** WORK TO COMPLETE **
Please, from the entries below, transcribe exactly the lines that begin at the line with "Muñecos de Peluche" and end at the line with "Fresh Strawberry and", without the pictures.
[Opening DATA FOR THE TASK section]
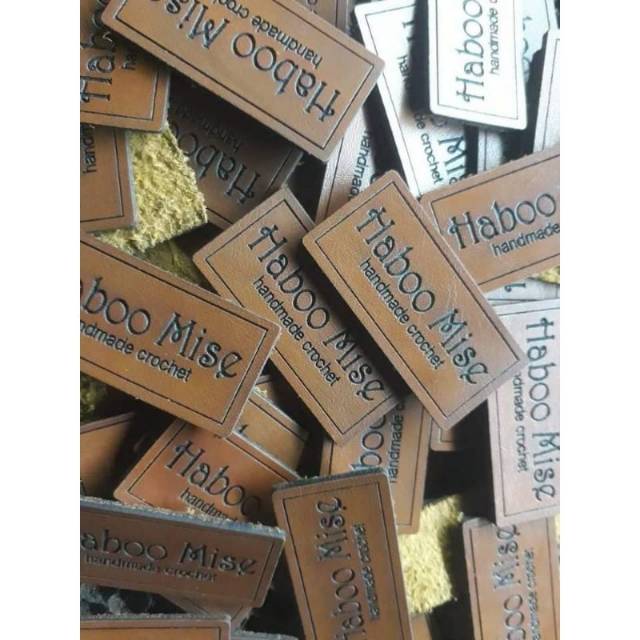 label kulit sintetis/label handmade/label murah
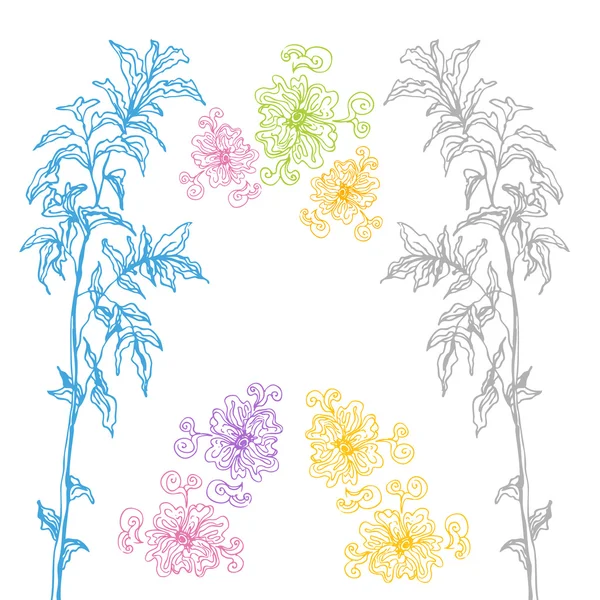 Tige de la plante et fleur — Image vectorielle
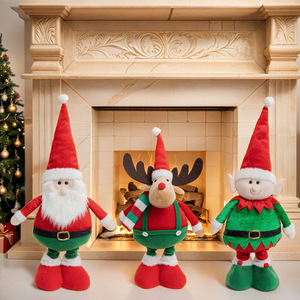 Muñecos de Peluche Telescópicos Navideños Festivos, Santa Claus, <span class=keywords><strong>Reno</strong></span> y Duende Retráctiles, Adornos Navideños para Fiestas en Casa - Product Image 6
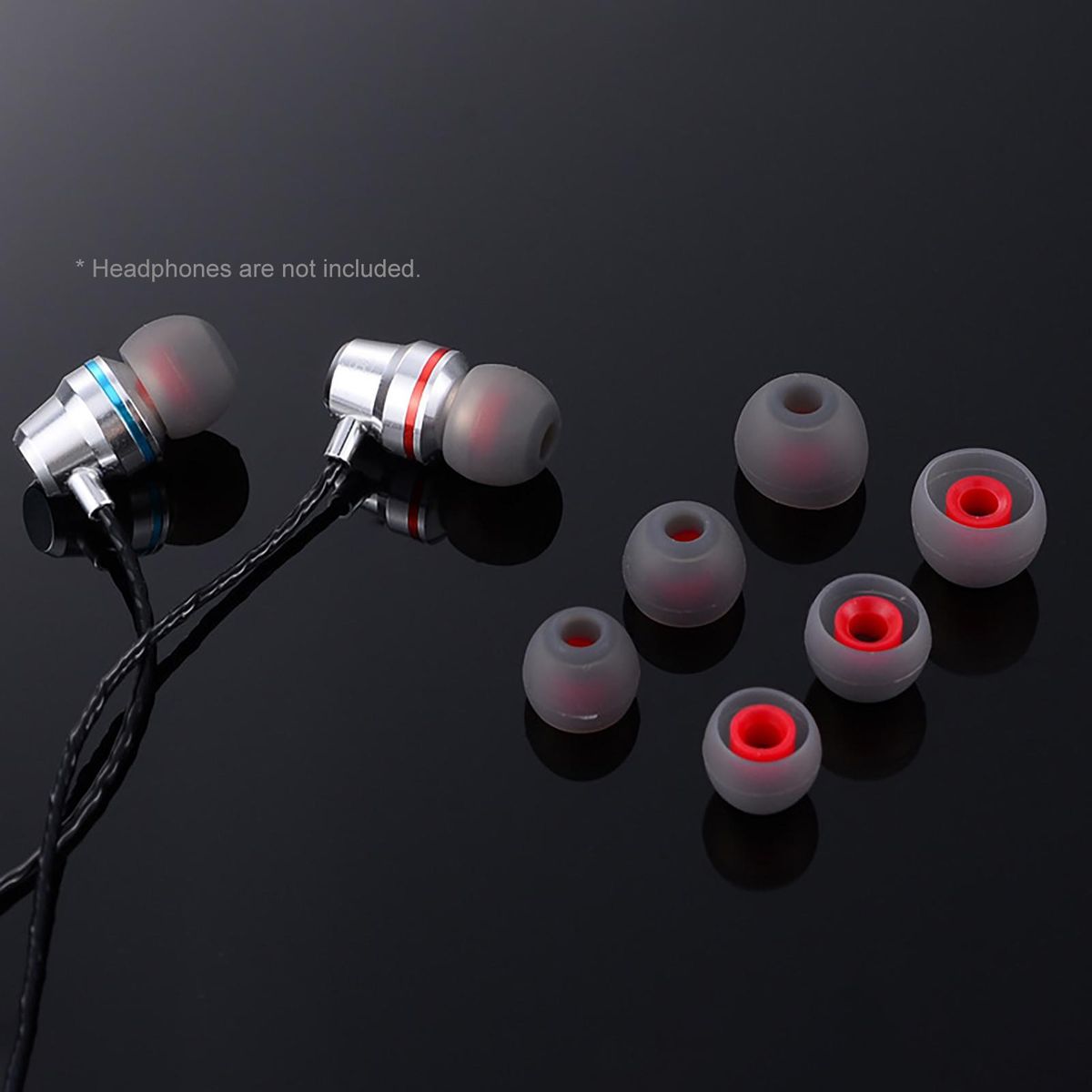 5 Pairs Soft Silicone Soundproof In-ear Ear Caps-Grey + Red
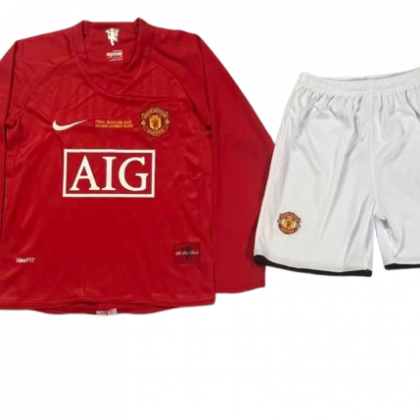 Manchester United 2007-08 Primera Equipación Versión Niño Manga Larga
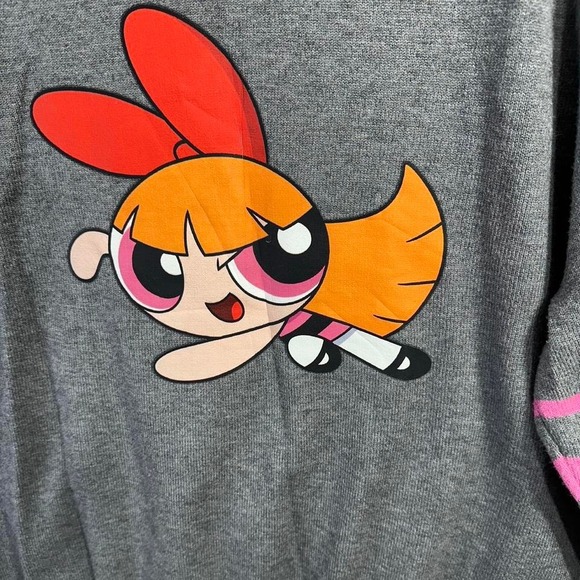 Powerpuff Girls Cartoon Network grey & pink sweater woman's Size 2XL - Picture 3 of 8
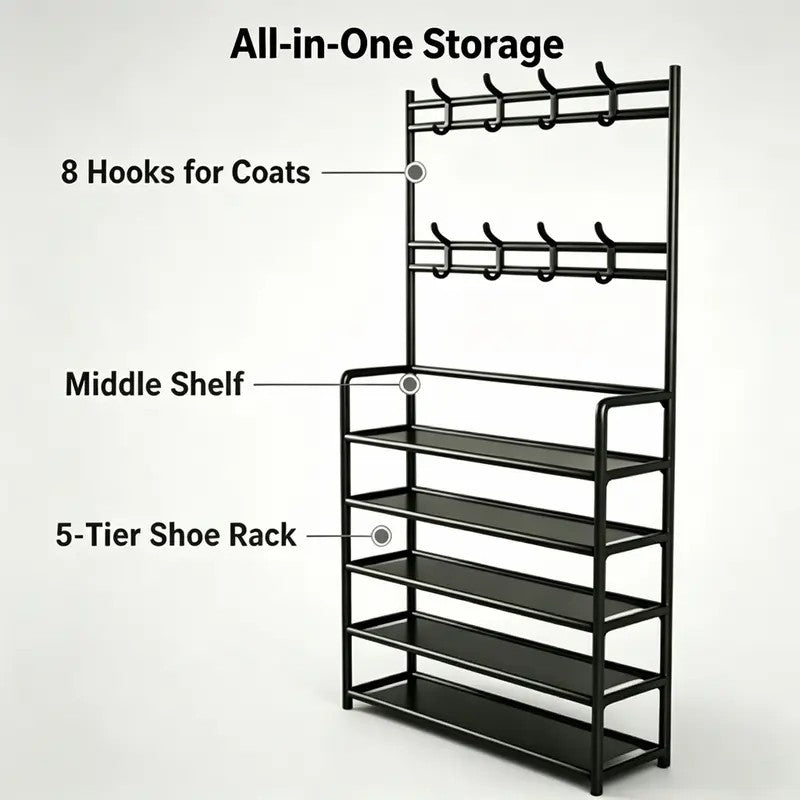 3-in-1 Entryway Coat & Shoe Rack Organizer - view 4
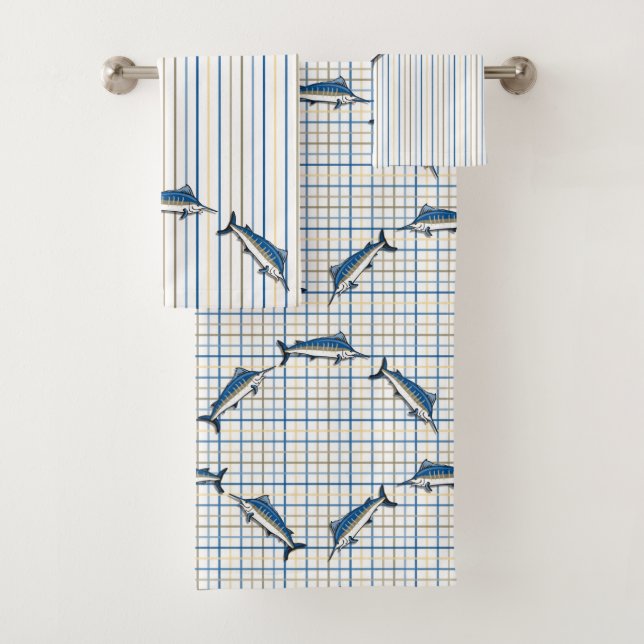 Ensemble de serviettes - Blue Marlin Fishing (En situation)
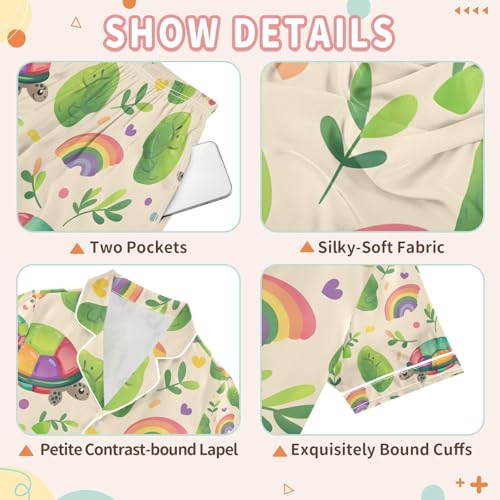 senya Turtle and Grass Rainbow Satin Summer Pajama Sets Silk Short Sleeve Button Down Sleepwear3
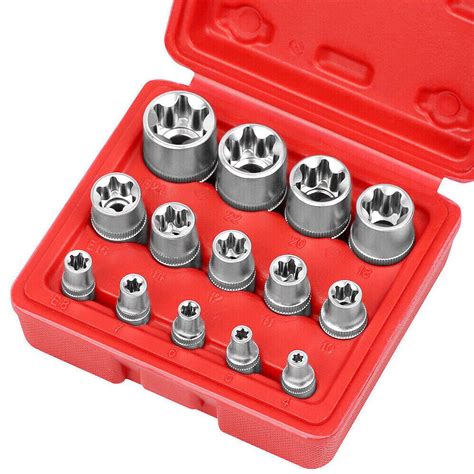 14pc E Torx Socket Set Female Start Bit External Hex Torque E4 E24 With Case Ebay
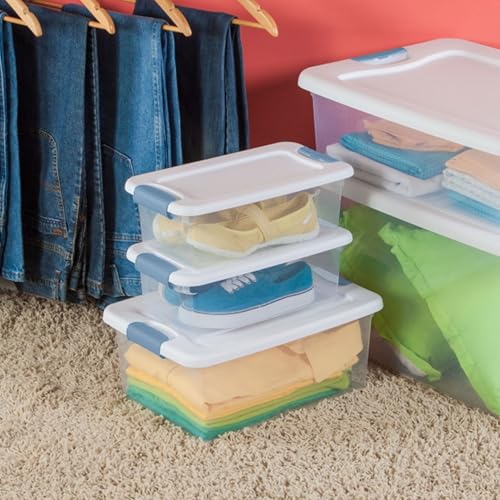 Image of Sterilite 48-Pack Latching Box, Under Bed Storage Bins with Lids, Clear Plastic, 6 Quart - Heavy-Duty Organizing Containers for Closet, Bathroom, and Office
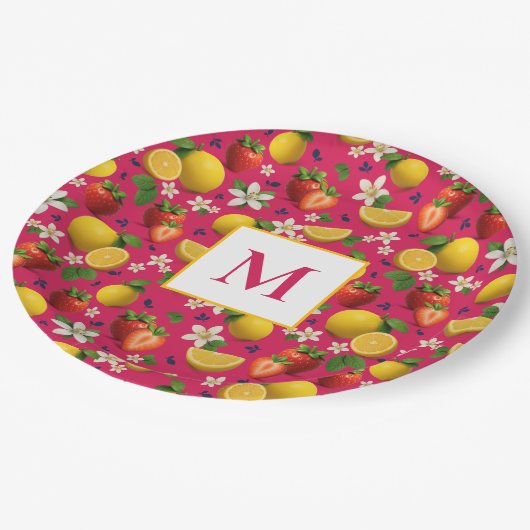 Fresh Strawberry and Lemon Pattern Pappteller (Schrägansicht)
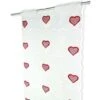 COPPIA Tendina VETRO HEART MODERNA A Cuori Rossi Larga 45 O 60 COPPIA (2 TELI) CM. 45x150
[Closing DATA FOR THE TASK section]
** EXPECTED OUTPUT **
 Muñecos de Peluche Telescópicos Navideños Festivos, Santa Claus, <span class=keywords><strong>Reno</strong></span> y Duende Retráctiles, Adornos Navideños para Fiestas en Casa - Product Image 6
 5 Pairs Soft Silicone Soundproof In-ear Ear Caps-Grey + Red
 Manchester United 2007-08 Primera Equipación Versión Niño Manga Larga
 Powerpuff Girls Cartoon Network grey & pink sweater woman's Size 2XL - Picture 3 of 8
 3-in-1 Entryway Coat & Shoe Rack Organizer - view 4
 Ensemble de serviettes - Blue Marlin Fishing (En situation)
 senya Turtle and Grass Rainbow Satin Summer Pajama Sets Silk Short Sleeve Button Down Sleepwear3
 14pc E Torx Socket Set Female Start Bit External Hex Torque E4 E24 With Case Ebay
 Image of Sterilite 48-Pack Latching Box, Under Bed Storage Bins with Lids, Clear Plastic, 6 Quart - Heavy-Duty Organizing Containers for Closet, Bathroom, and Office
 Fresh Strawberry and Lemon Pattern Pappteller (Schrägansicht)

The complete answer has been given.